RAW DATA:
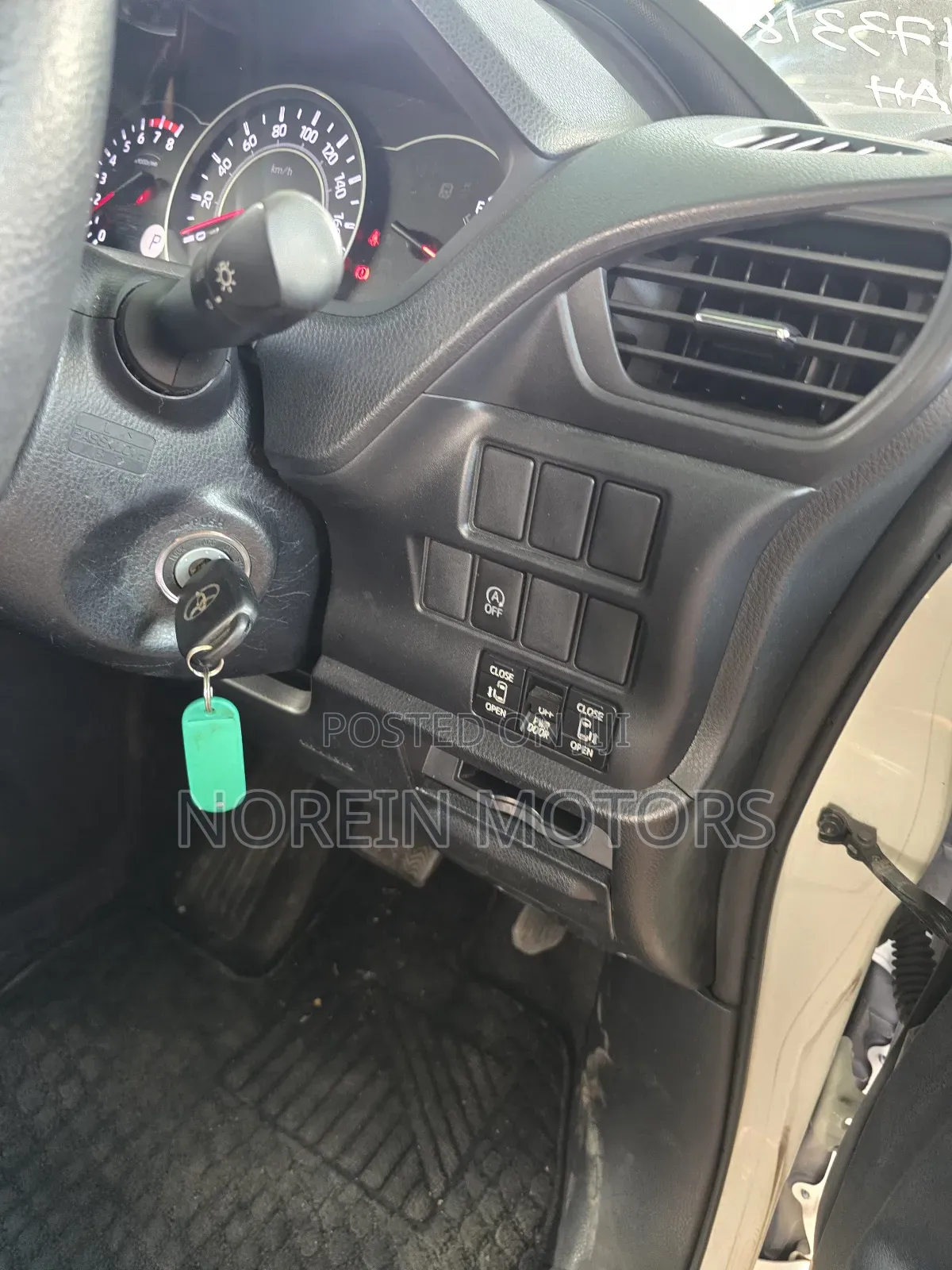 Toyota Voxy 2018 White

==

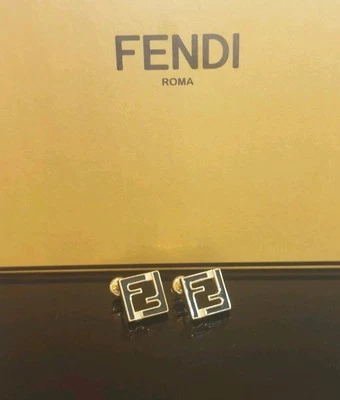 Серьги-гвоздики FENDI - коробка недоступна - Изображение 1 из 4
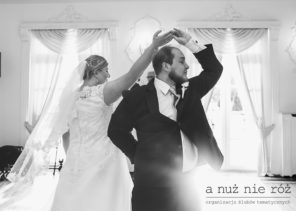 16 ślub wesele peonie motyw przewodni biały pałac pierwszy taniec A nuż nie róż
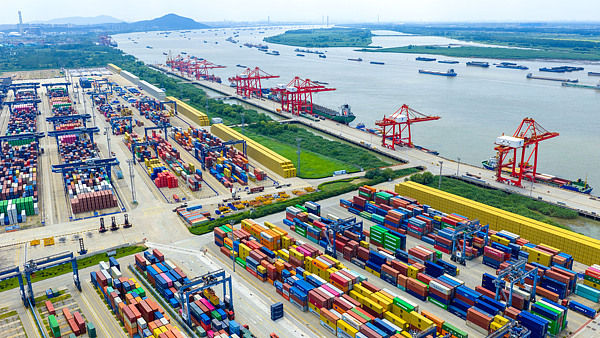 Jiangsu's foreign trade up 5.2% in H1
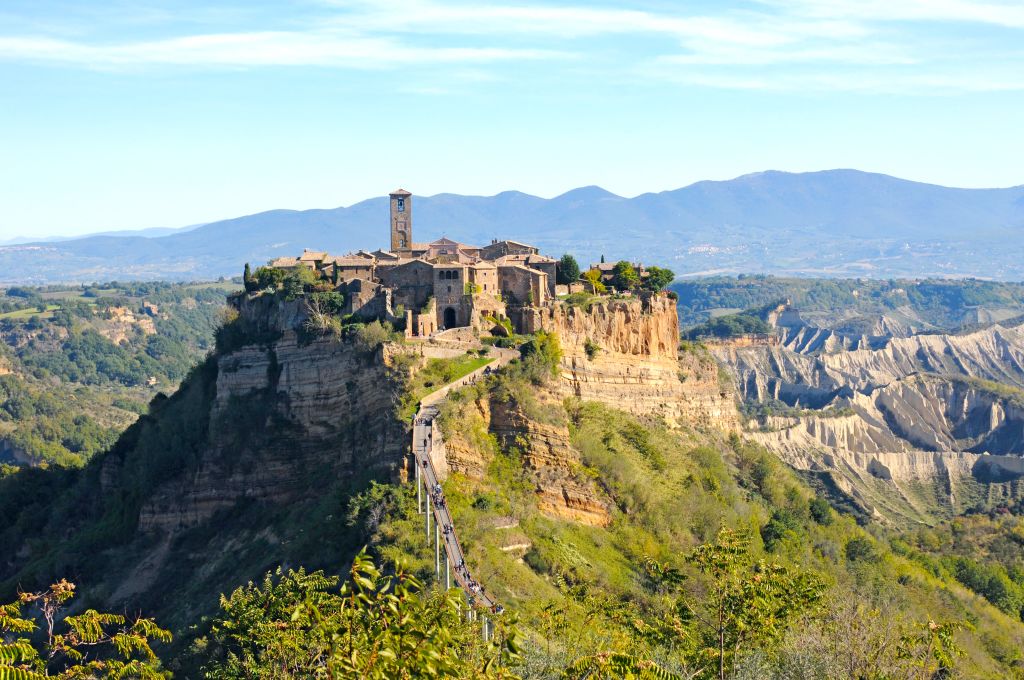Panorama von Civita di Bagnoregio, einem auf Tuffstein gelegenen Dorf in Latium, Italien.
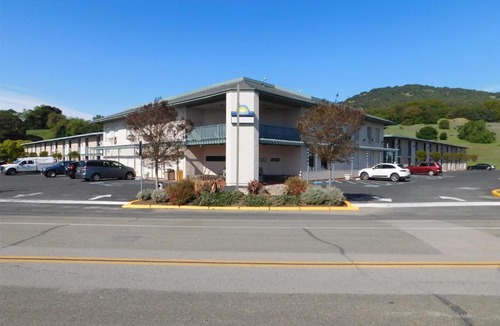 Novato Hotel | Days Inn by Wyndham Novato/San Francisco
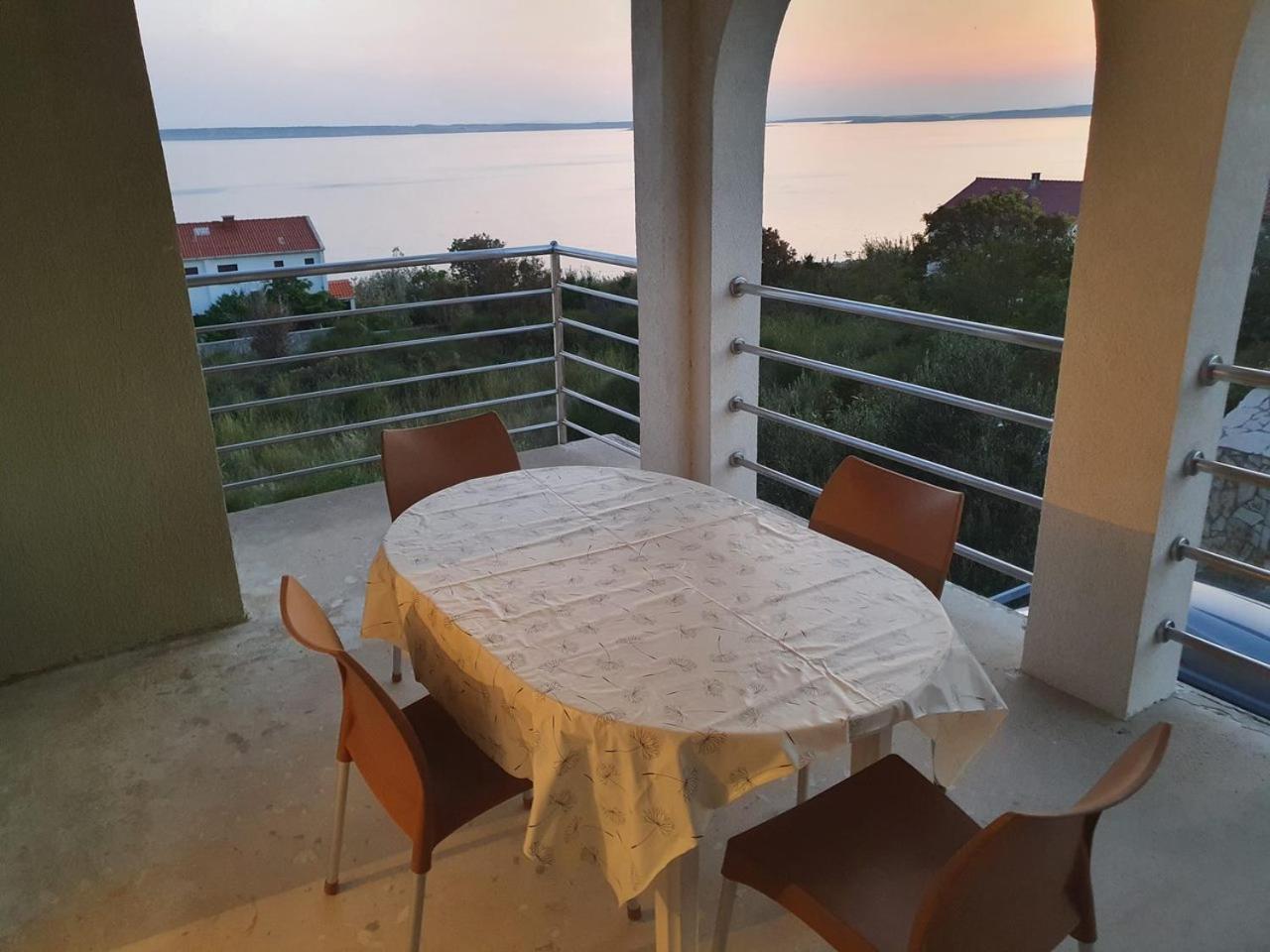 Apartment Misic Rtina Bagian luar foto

PROMPT: Using the data above, output the line that has "Серьги-гвоздики FENDI - коробка", the line that has "Apartment Misic Rtina Bagian luar foto", and whatever lines fall between, each exactly as it stands and without pictures.

EXERCISE RESULT:
 Серьги-гвоздики FENDI - коробка недоступна - Изображение 1 из 4
 16 ślub wesele peonie motyw przewodni biały pałac pierwszy taniec A nuż nie róż
 Jiangsu's foreign trade up 5.2% in H1
Panorama von Civita di Bagnoregio, einem auf Tuffstein gelegenen Dorf in Latium, Italien.
 Novato Hotel | Days Inn by Wyndham Novato/San Francisco
 Apartment Misic Rtina Bagian luar foto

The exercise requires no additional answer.